Start of Block
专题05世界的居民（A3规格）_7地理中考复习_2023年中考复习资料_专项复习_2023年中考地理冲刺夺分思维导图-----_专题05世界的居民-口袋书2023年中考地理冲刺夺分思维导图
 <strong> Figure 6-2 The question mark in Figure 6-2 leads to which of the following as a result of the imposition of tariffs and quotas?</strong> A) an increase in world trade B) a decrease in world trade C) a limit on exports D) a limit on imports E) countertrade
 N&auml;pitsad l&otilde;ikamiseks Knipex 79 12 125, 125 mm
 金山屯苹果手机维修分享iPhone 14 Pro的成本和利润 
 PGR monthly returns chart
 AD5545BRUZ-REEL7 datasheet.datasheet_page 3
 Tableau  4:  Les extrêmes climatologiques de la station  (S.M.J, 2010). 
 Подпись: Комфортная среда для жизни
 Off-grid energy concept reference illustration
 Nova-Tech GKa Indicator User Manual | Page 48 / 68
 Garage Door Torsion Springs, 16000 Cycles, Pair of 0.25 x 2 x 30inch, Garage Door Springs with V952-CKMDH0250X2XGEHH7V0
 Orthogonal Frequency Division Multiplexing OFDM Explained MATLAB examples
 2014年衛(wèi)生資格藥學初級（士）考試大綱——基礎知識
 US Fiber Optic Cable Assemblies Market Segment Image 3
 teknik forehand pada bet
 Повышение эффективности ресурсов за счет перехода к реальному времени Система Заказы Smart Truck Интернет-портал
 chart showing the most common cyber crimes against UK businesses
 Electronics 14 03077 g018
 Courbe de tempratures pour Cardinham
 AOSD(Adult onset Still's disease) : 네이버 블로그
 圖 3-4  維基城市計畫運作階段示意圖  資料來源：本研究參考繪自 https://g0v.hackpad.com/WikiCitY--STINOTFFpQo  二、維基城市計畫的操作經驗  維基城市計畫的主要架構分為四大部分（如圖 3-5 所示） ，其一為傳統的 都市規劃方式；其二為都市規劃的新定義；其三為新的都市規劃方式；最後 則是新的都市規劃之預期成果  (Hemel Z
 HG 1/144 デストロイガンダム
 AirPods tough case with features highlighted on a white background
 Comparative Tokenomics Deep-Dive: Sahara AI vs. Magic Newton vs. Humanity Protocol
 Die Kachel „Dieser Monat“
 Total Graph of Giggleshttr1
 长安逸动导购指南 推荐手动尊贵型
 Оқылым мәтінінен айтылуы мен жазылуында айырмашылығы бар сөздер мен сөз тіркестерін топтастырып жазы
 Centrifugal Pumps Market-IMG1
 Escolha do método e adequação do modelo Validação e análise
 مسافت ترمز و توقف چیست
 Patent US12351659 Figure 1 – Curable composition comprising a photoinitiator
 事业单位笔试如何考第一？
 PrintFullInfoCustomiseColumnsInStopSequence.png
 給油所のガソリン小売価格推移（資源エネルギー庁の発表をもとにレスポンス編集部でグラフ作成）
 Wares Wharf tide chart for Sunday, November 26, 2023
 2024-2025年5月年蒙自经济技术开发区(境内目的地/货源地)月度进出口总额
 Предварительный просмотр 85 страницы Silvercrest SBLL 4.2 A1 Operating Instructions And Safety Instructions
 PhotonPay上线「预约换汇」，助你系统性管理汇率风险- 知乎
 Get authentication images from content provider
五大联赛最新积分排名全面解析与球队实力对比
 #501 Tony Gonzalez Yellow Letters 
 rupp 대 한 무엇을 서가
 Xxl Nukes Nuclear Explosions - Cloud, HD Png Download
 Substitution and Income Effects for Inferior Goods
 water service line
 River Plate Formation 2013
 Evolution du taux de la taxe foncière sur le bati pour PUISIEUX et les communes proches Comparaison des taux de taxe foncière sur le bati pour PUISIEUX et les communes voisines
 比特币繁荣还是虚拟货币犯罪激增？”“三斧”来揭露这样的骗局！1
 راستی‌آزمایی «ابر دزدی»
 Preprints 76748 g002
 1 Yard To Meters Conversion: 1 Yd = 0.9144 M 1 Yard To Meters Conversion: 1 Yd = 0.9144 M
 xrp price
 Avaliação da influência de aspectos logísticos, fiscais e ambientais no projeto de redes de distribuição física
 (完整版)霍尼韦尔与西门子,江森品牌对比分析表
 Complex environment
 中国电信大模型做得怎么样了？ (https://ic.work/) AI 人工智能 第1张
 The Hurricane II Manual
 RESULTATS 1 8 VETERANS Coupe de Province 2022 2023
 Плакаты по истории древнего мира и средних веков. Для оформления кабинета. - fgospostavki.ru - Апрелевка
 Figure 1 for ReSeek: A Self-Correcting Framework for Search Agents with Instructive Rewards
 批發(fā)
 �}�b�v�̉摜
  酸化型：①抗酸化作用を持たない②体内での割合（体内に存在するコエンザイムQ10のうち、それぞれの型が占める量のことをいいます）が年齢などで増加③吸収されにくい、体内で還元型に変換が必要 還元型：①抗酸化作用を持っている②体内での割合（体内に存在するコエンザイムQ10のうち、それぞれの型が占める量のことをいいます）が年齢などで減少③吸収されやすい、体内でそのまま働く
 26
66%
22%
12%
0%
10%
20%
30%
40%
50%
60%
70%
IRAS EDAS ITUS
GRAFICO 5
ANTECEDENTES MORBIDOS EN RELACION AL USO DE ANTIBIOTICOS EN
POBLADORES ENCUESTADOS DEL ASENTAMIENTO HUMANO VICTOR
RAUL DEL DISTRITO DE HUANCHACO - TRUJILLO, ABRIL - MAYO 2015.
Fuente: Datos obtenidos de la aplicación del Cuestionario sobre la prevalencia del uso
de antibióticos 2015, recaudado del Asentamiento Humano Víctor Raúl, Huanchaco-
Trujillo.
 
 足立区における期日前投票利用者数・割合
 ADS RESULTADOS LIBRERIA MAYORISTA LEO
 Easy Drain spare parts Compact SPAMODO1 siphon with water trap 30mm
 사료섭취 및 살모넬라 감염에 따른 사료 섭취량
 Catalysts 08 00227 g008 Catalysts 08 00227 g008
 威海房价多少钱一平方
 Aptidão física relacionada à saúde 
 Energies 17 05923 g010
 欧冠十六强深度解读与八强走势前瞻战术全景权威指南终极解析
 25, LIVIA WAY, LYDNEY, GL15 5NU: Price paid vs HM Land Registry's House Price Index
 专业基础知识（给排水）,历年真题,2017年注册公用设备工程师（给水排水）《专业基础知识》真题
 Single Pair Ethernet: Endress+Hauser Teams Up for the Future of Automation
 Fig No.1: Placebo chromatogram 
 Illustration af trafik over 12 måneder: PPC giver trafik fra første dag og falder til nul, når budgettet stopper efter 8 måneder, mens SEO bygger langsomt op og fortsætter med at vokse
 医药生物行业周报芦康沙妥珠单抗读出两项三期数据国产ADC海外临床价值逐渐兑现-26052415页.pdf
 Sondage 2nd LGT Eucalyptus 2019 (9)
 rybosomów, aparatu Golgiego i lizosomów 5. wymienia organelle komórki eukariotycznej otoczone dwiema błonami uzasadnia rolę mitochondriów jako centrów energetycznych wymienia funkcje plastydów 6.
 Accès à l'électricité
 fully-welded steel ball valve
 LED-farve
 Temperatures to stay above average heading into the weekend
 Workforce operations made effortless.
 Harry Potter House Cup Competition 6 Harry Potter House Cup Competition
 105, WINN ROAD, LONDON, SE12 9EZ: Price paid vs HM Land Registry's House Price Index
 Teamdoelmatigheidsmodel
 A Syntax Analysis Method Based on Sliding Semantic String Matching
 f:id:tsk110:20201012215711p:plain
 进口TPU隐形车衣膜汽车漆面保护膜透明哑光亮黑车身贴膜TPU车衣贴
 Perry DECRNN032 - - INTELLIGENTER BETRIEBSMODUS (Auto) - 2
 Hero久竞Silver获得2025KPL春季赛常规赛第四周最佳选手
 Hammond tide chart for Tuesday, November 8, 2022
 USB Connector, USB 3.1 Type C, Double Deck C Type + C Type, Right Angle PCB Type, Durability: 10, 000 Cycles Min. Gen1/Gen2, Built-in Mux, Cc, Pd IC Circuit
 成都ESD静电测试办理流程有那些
End of Block
## Task goal
Word for word, output the lines of the data from its first line through the line where "Nova-Tech GKa Indicator" appears, and stop there.

## Solved exercise
专题05世界的居民（A3规格）_7地理中考复习_2023年中考复习资料_专项复习_2023年中考地理冲刺夺分思维导图-----_专题05世界的居民-口袋书2023年中考地理冲刺夺分思维导图
 <strong> Figure 6-2 The question mark in Figure 6-2 leads to which of the following as a result of the imposition of tariffs and quotas?</strong> A) an increase in world trade B) a decrease in world trade C) a limit on exports D) a limit on imports E) countertrade
 N&auml;pitsad l&otilde;ikamiseks Knipex 79 12 125, 125 mm
 金山屯苹果手机维修分享iPhone 14 Pro的成本和利润 
 PGR monthly returns chart
 AD5545BRUZ-REEL7 datasheet.datasheet_page 3
 Tableau  4:  Les extrêmes climatologiques de la station  (S.M.J, 2010). 
 Подпись: Комфортная среда для жизни
 Off-grid energy concept reference illustration
 Nova-Tech GKa Indicator User Manual | Page 48 / 68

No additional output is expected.